_PROVIDED DATA_:
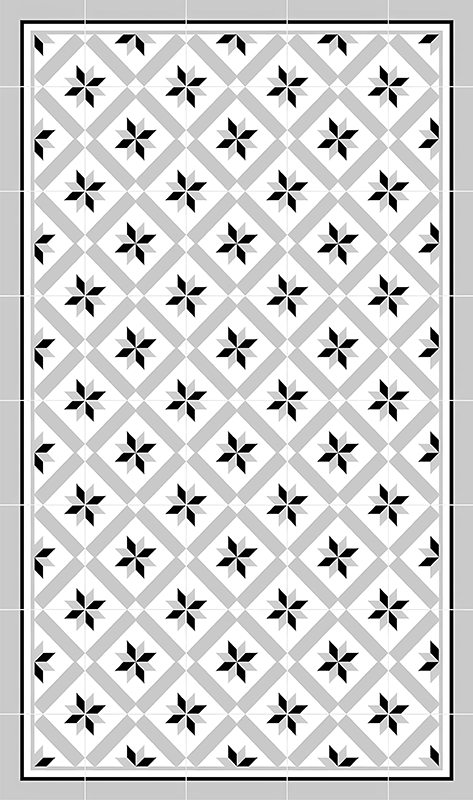 Alfombra vinilo cocina gris hidráulico - TenVinilo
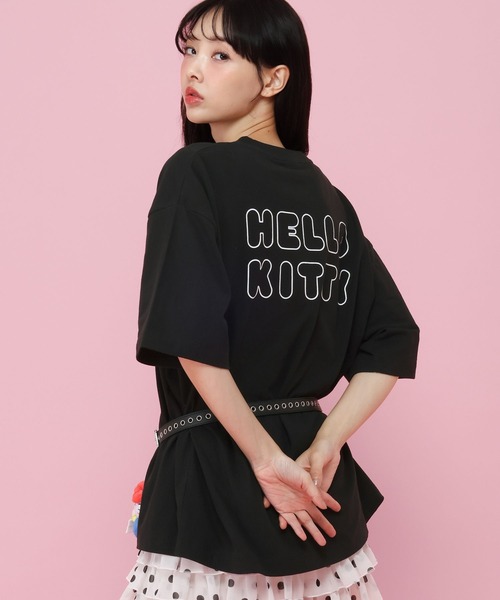 ALAND(エーランド)の「【ハローキティ】AロゴTシャツ(Tシャツ/カットソー・レディース・ブラック/ホワイト・SMALL/LARGE)」の19枚目の写真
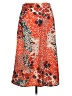 Unbranded 100% Polyester Print Orange Casual Skirt Size L - photo 2
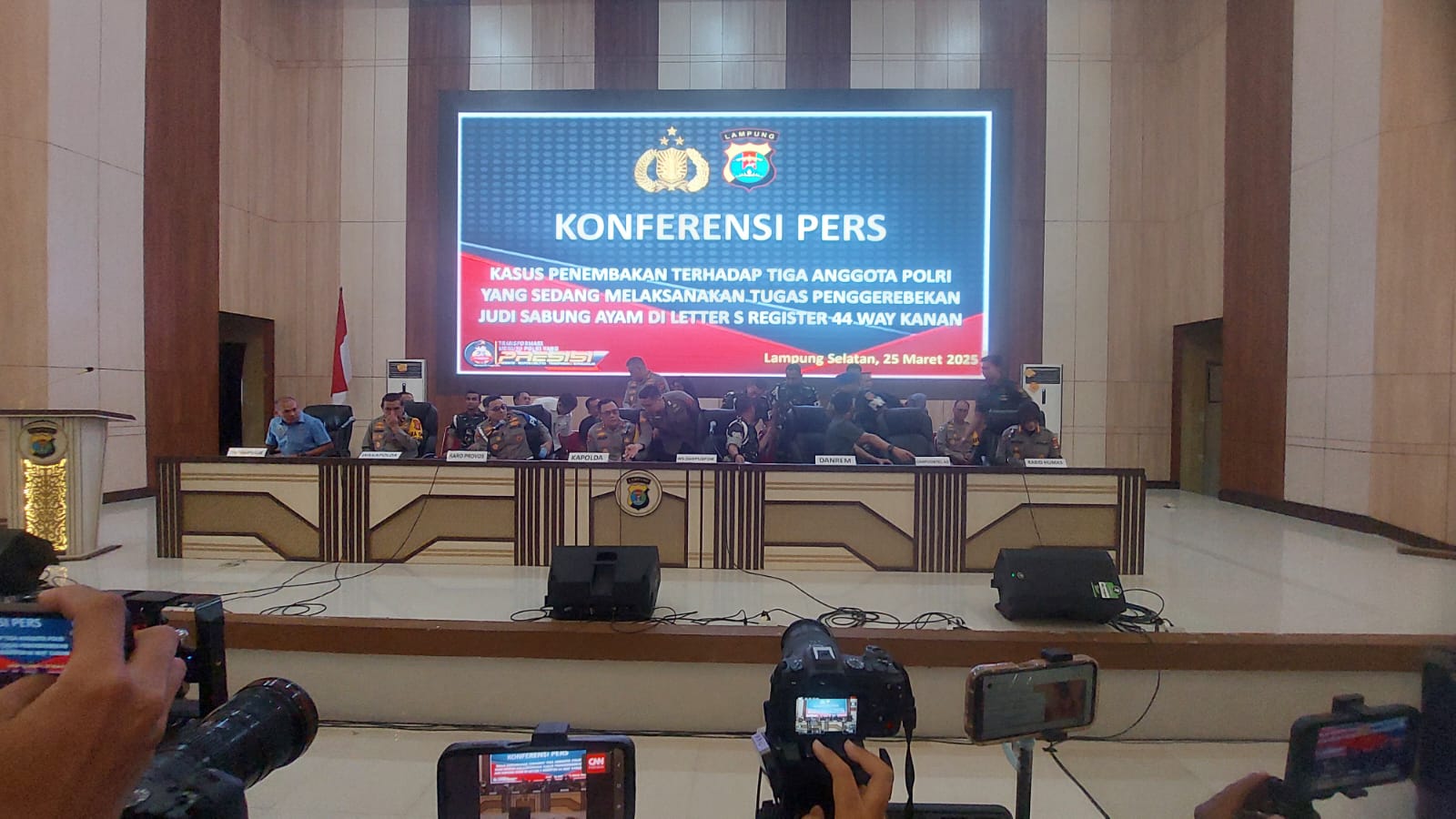 Kopda Basar Ditetapkan Tersangka Penembakan 3 Polisi di Way Kanan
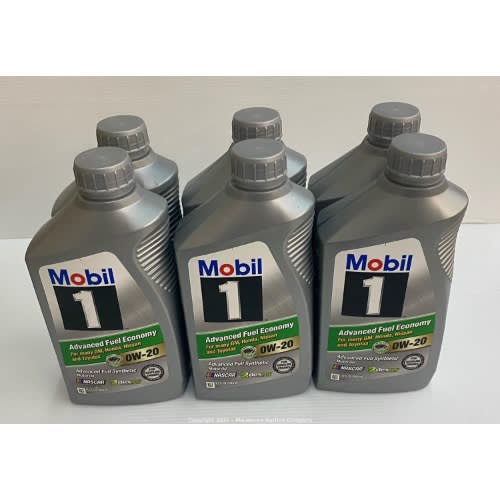Mobil 1 Advanced Fuel Economy Full Synthetic Motor Oil 0w-20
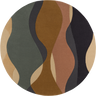 Océane wool rug, full view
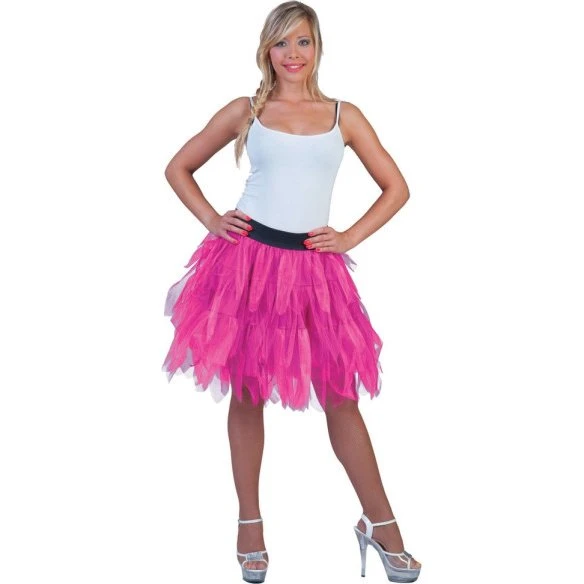Neonroze tule rok jaren 80 - 36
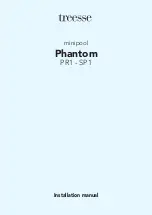 treesse Phantom PR1 Installation Manual preview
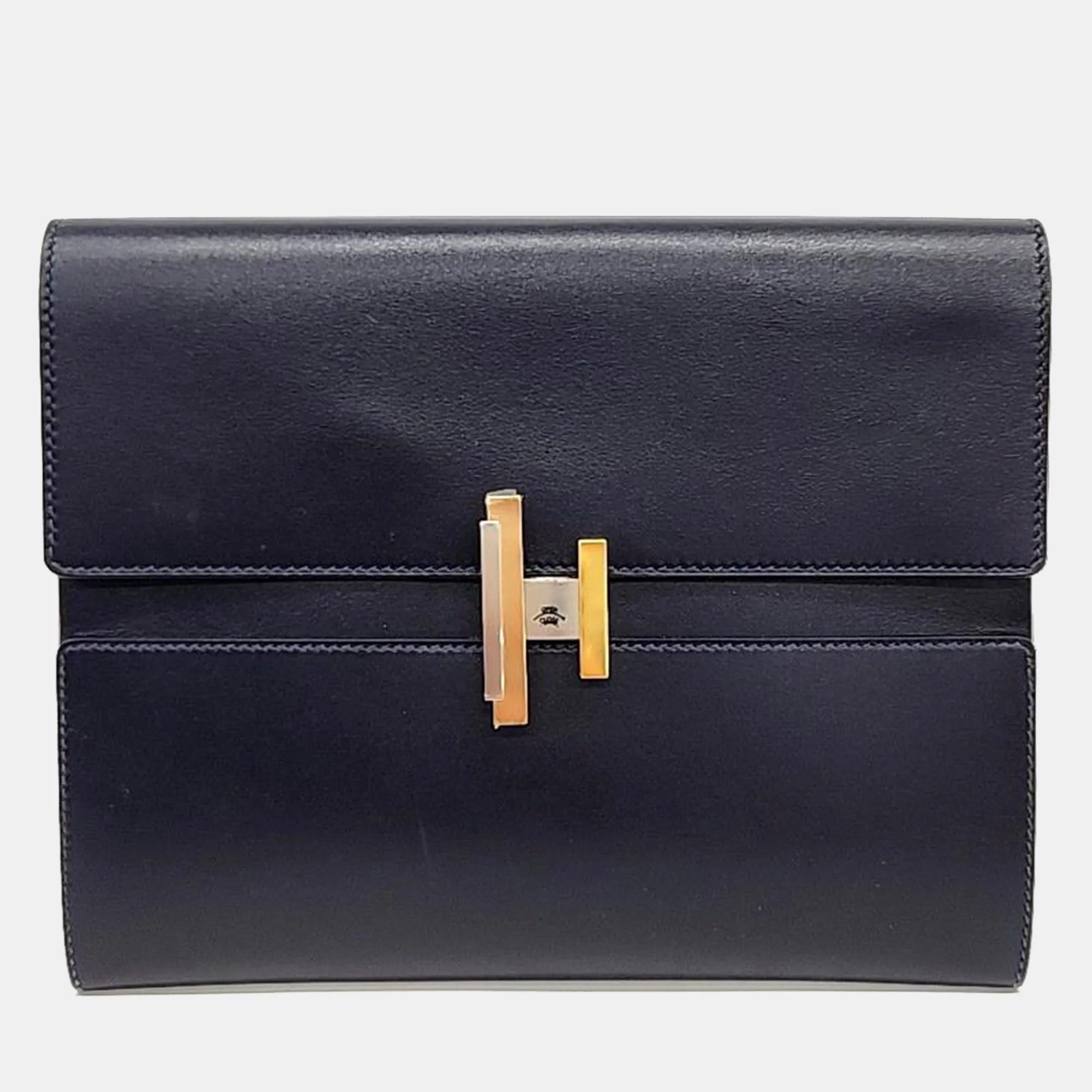 Leather Cinematic Clutch Bag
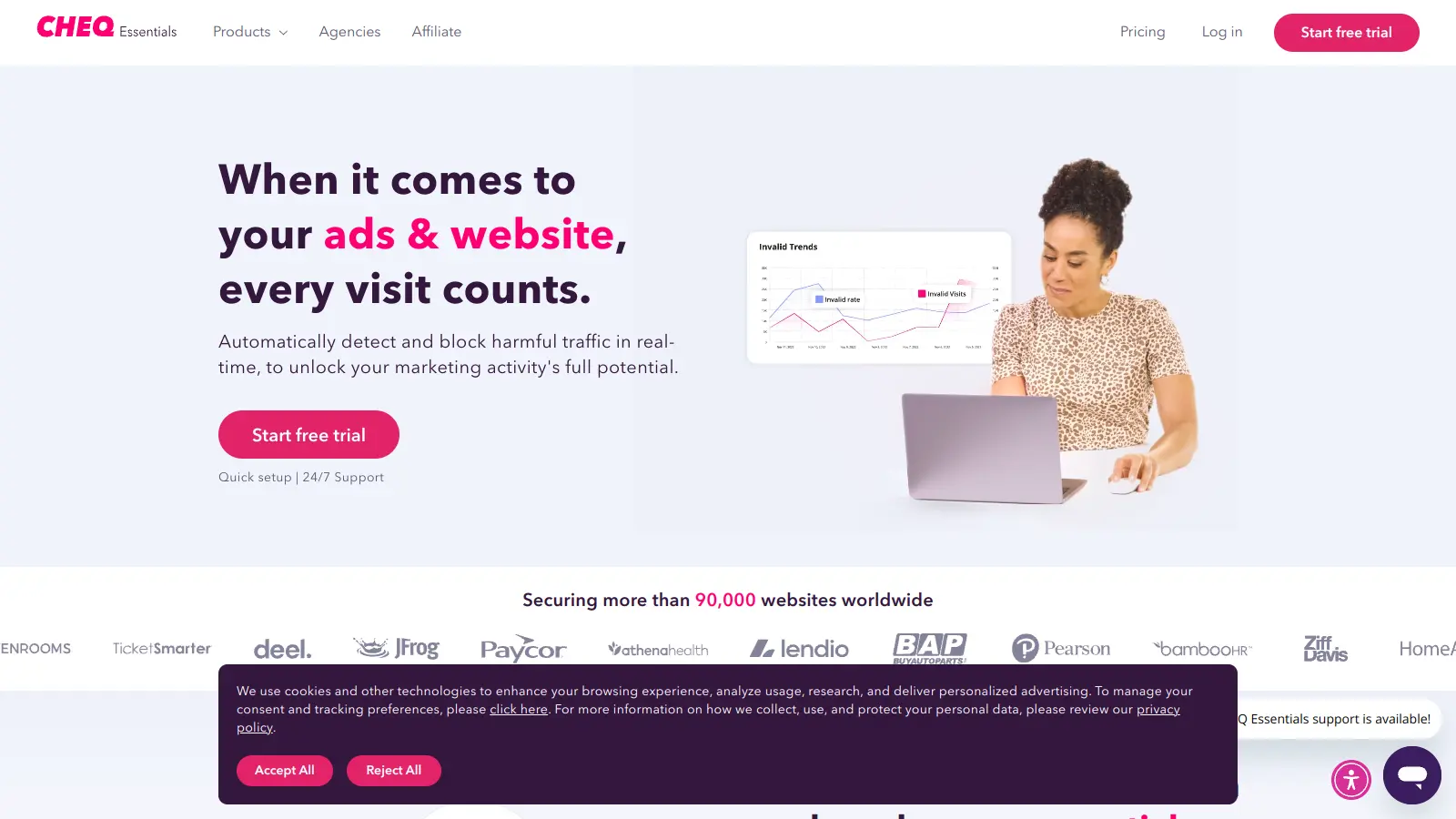 CHEQ Essentials screenshot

_ASSIGNMENT_: Copy the data character for character, but drop all pictures from the copy.

_RESULT OF THIS EXERCISE_:
 Alfombra vinilo cocina gris hidráulico - TenVinilo
 ALAND(エーランド)の「【ハローキティ】AロゴTシャツ(Tシャツ/カットソー・レディース・ブラック/ホワイト・SMALL/LARGE)」の19枚目の写真
 Unbranded 100% Polyester Print Orange Casual Skirt Size L - photo 2
 Kopda Basar Ditetapkan Tersangka Penembakan 3 Polisi di Way Kanan
Mobil 1 Advanced Fuel Economy Full Synthetic Motor Oil 0w-20
 Océane wool rug, full view
Neonroze tule rok jaren 80 - 36
 treesse Phantom PR1 Installation Manual preview
 Leather Cinematic Clutch Bag
 CHEQ Essentials screenshot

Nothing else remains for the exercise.